President (Literally Being Impeached for Abuse of Power) Trump Accuses President Obama of Executive Power Overreach
By Robert Cotter & Nathan Kasai
For the past two years, hundreds of thousands of young people who are American in every way but immigration status have been left in anxious limbo. In 2017, Trump callously revoked the Deferred Action for Childhood Arrivals (DACA) program. Created by the Obama administration in 2012, DACA shielded 800,000 young people brought to this country as young children, through no fault of their own, from deportation. DREAMers — taking their name from the bipartisan DREAM Act — have been raised in our communities, graduated from our schools and universities, and served in our military. Now, the Supreme Court is set to determine their fate — and whether they should be forced to leave the only country many of them have ever known.
Following the one clear guiding principle of this administration, Trump appears to have ended DACA solely to “stick it” to President Obama. The program was working without issue, providing crucial protections and garnering strong public support. Instead of making substantive objections to DACA, Trump flung accusations of abuse of power and presidential overreach at his predecessor. In a string of September tweets, Trump derided DACA as a “totally illegal document” and argued that Obama “never had the legal right” to sign it.
Donald Trump accusing others of abusing presidential power stretches incredulity to its furthest limits, and not just because of the ongoing impeachment inquiry now looming over his presidency. From day one, Trump has regularly wielded the very same executive power he now argues President Obama abused with DACA. In his first 100 days, Trump signed more executive orders than any president since Harry Truman. Despite criticizing Obama for taking “major grabs of power,” through his first three years in office, Trump has issued 130 executive orders to Obama’s 108 over the same period of time.
Hours after he was sworn into office, Trump undermined enforcement of the Affordable Care Act. Days later, he unilaterally withdrew the United States from the Trans-Pacific Partnership. Then he removed critical environmental safeguards for federal infrastructure projects. He also rolled back critical Justice Department efforts to ensure constitutional and accountable policing. And he unilaterally gave government contractors the right to discriminate against LGBT workers. Put simply, this is the same president who has argued, with sincerity, “I have an Article 2 where I have the right to do whatever I want as president.”
But Trump saved his most egregious power grabs for immigration. Unable to turn his self-described skills as a master negotiator into votes in Congress, Trump has repeatedly relied on executive orders to move his immigration agenda. He raided federal agency budgets and ordered them to fund his $18 billion vanity wall on the border. He sowed chaos around the country with his unilateral and discriminatory Muslim ban. Without Congressional approval, he attempted to strong arm American cities into bowing to his anti-immigrant agenda. He gutted refugee admissions year after year. He even tried to impose an illegal citizenship question on the census to dissuade immigrant families from being counted.

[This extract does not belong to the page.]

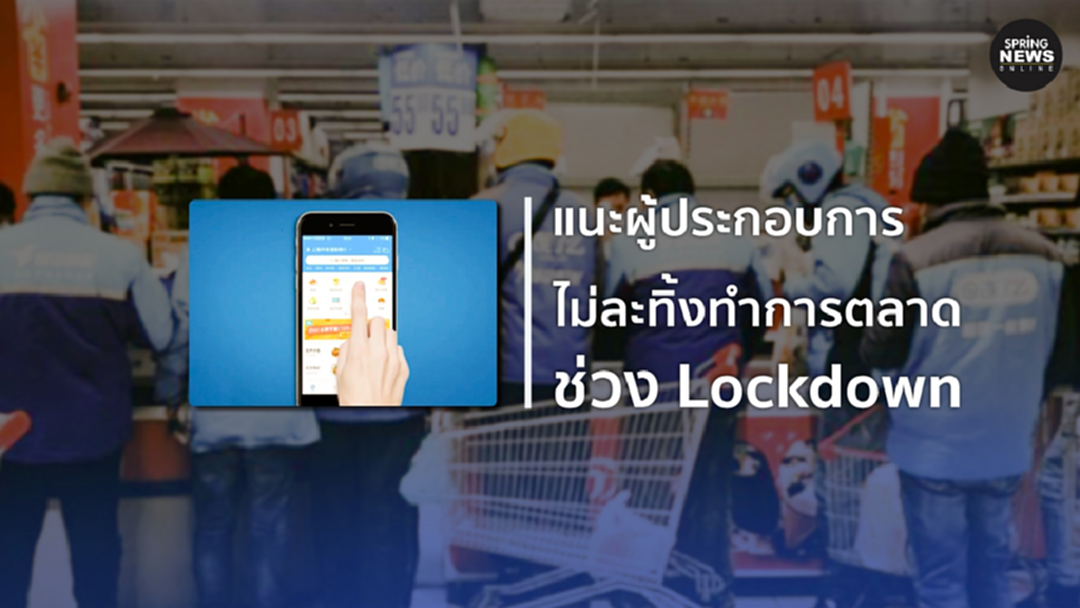 ผู้ประกอบการไม่ควรทิ้งทำการตลาดช่วงล็อกดาวน์ ผู้ประกอบการไม่ควรทิ้งทำการตลาดช่วงล็อกดาวน์
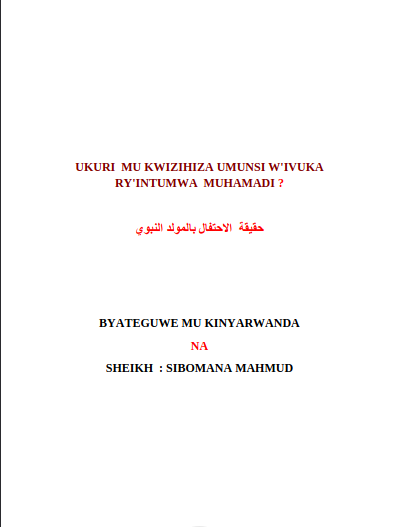 Ukuri mu Kwizihiza Ivuka ry’Intumwa Muhamadi?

And that was just his first year in office. Since then, he has used unilateral executive power to cruelly separate families who have come to our country fleeing for their lives and put immigrant children in cages. He deployed troops to the border in a move so unethical that even most Republicans objected to it. And he claimed the executive authority of the presidency to declare a fake national emergency on the border, which members of his own party voted to overturn, forcing Trump to issue his first veto. Any attempt by this president to portray himself as a defender of federalism and small government are, quite frankly, laughable.
Across the board, Donald Trump has demonstrated that he has no problem wielding immense executive power, so long as it’s not in the name of compassion. The Court should recognize his hypocritical attack on DACA for what it is and uphold this invaluable protection for DREAMers, while they continue their long wait for Congress to provide them permanent relief.